**Items from a dataset:**

○ ○ ○ ○

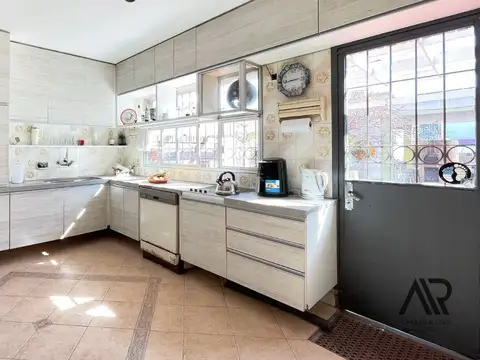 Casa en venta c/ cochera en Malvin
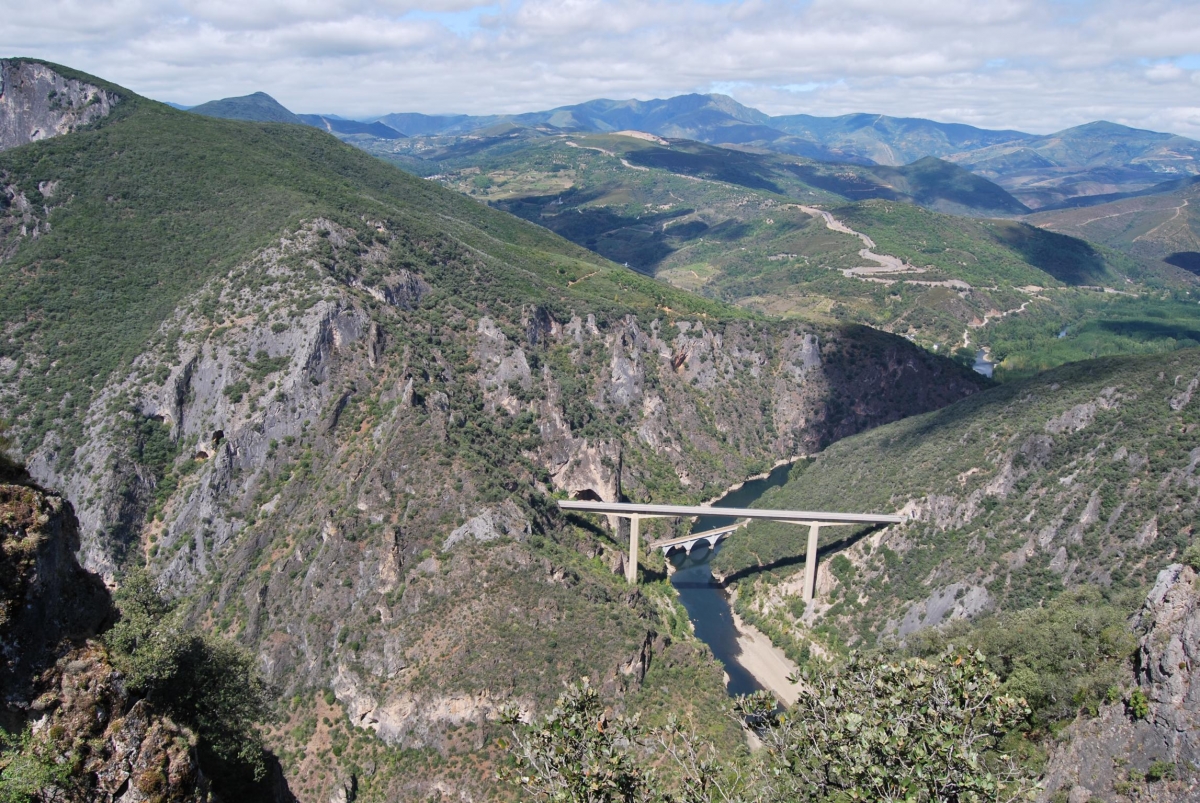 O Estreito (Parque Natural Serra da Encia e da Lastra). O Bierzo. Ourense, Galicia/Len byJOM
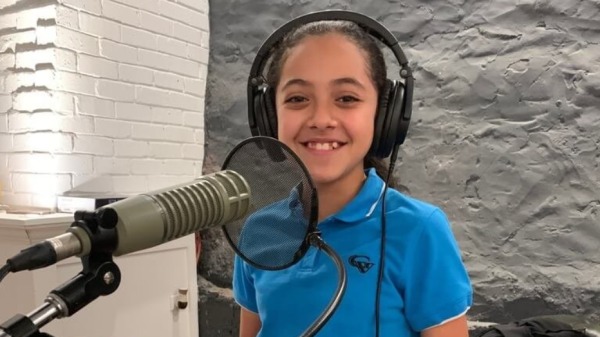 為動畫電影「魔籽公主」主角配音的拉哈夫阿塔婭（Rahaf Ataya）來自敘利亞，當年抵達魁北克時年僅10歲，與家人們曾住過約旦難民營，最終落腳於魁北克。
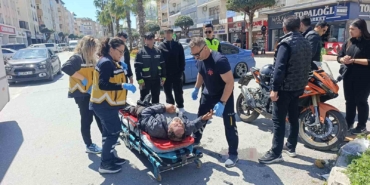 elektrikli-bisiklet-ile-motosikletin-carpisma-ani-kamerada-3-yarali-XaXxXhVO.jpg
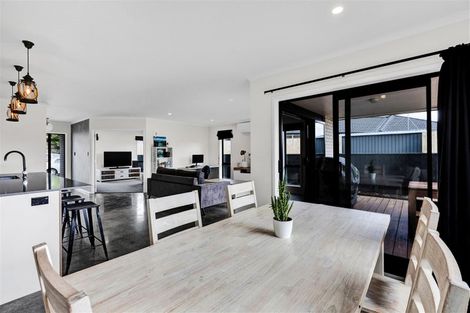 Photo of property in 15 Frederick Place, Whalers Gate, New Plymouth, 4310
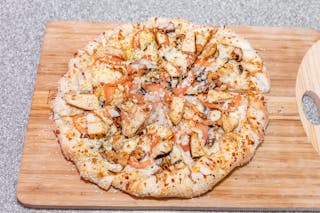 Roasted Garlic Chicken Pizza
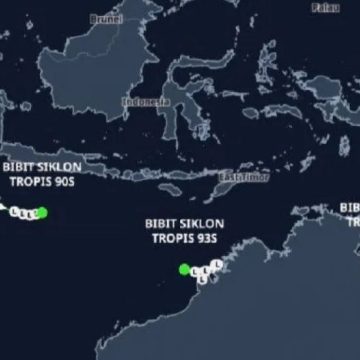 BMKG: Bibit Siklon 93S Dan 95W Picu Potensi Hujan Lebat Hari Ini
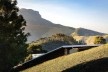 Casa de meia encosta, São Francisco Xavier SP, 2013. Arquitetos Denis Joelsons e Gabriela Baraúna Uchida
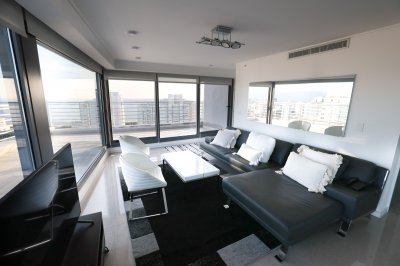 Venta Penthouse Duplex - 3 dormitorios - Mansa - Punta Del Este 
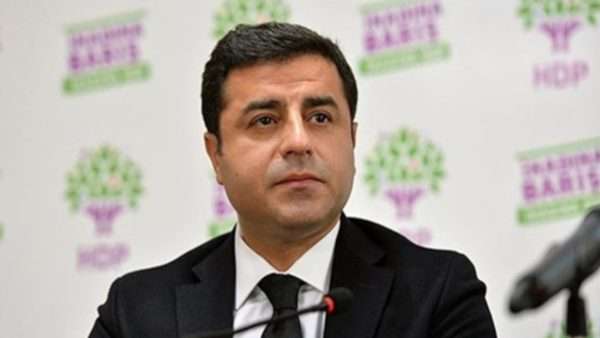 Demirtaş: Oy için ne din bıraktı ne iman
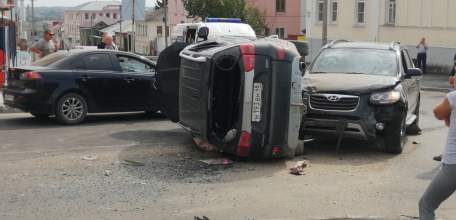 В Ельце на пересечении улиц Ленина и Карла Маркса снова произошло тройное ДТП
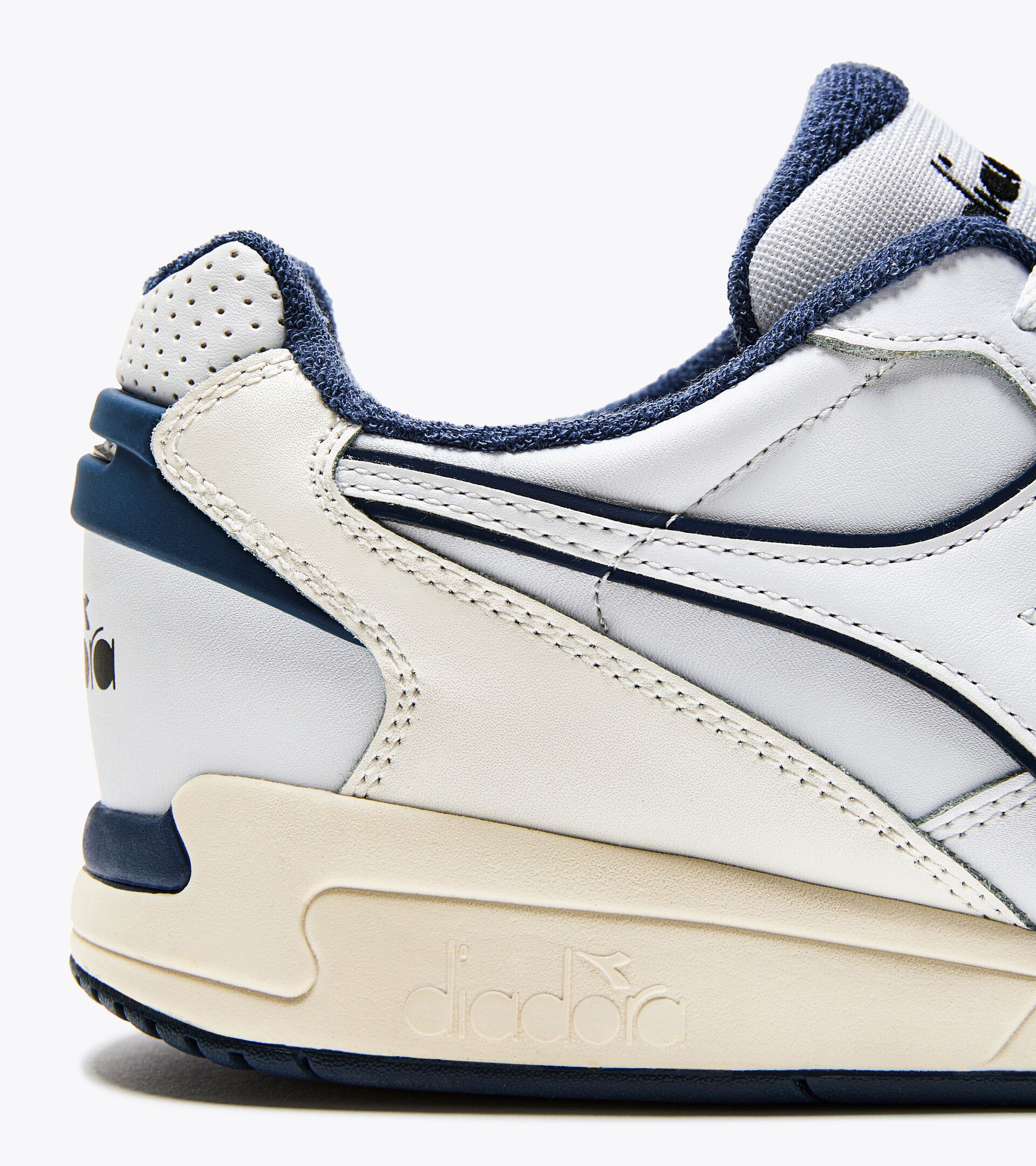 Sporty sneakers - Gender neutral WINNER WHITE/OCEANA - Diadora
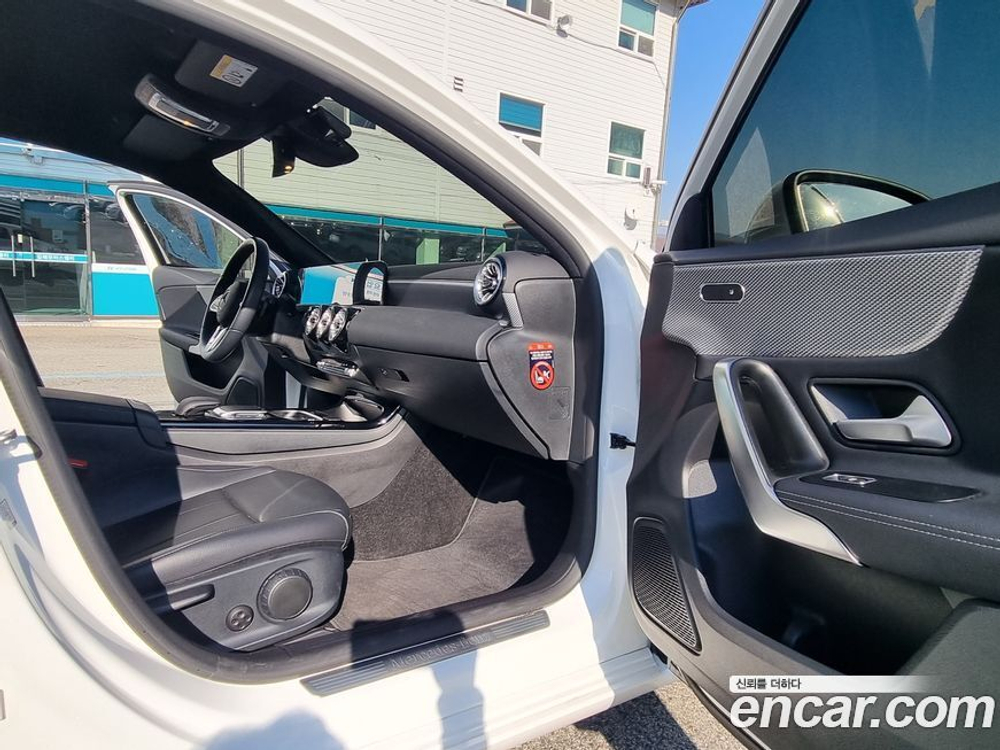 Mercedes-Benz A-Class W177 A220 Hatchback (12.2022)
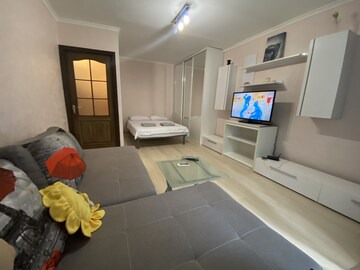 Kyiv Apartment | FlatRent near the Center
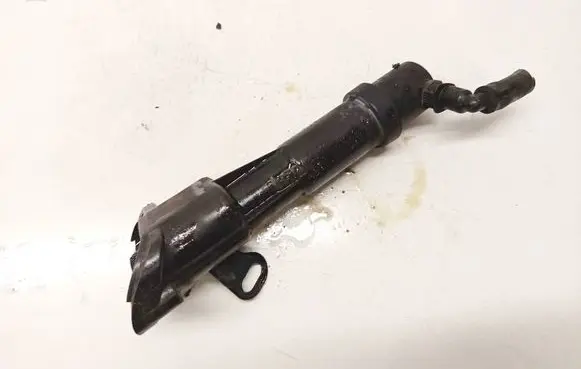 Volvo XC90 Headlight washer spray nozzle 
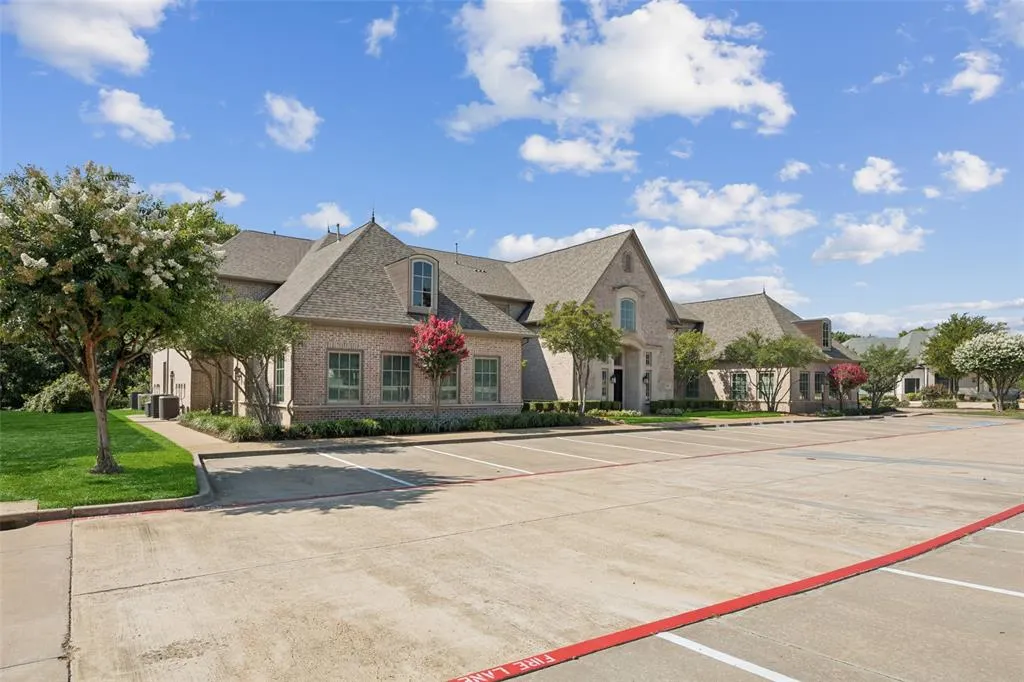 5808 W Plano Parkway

○ ○ ○ ○

**What to produce:**
Each entry above should be reproduced exactly, with the pictures removed.

**Result:**
 Casa en venta c/ cochera en Malvin
 O Estreito (Parque Natural Serra da Encia e da Lastra). O Bierzo. Ourense, Galicia/Len byJOM
 為動畫電影「魔籽公主」主角配音的拉哈夫阿塔婭（Rahaf Ataya）來自敘利亞，當年抵達魁北克時年僅10歲，與家人們曾住過約旦難民營，最終落腳於魁北克。
 elektrikli-bisiklet-ile-motosikletin-carpisma-ani-kamerada-3-yarali-XaXxXhVO.jpg
 Photo of property in 15 Frederick Place, Whalers Gate, New Plymouth, 4310
 Roasted Garlic Chicken Pizza
 BMKG: Bibit Siklon 93S Dan 95W Picu Potensi Hujan Lebat Hari Ini
 Casa de meia encosta, São Francisco Xavier SP, 2013. Arquitetos Denis Joelsons e Gabriela Baraúna Uchida
 Venta Penthouse Duplex - 3 dormitorios - Mansa - Punta Del Este 
 Demirtaş: Oy için ne din bıraktı ne iman
 В Ельце на пересечении улиц Ленина и Карла Маркса снова произошло тройное ДТП
 Sporty sneakers - Gender neutral WINNER WHITE/OCEANA - Diadora
 Mercedes-Benz A-Class W177 A220 Hatchback (12.2022)
 Kyiv Apartment | FlatRent near the Center
 Volvo XC90 Headlight washer spray nozzle 
 5808 W Plano Parkway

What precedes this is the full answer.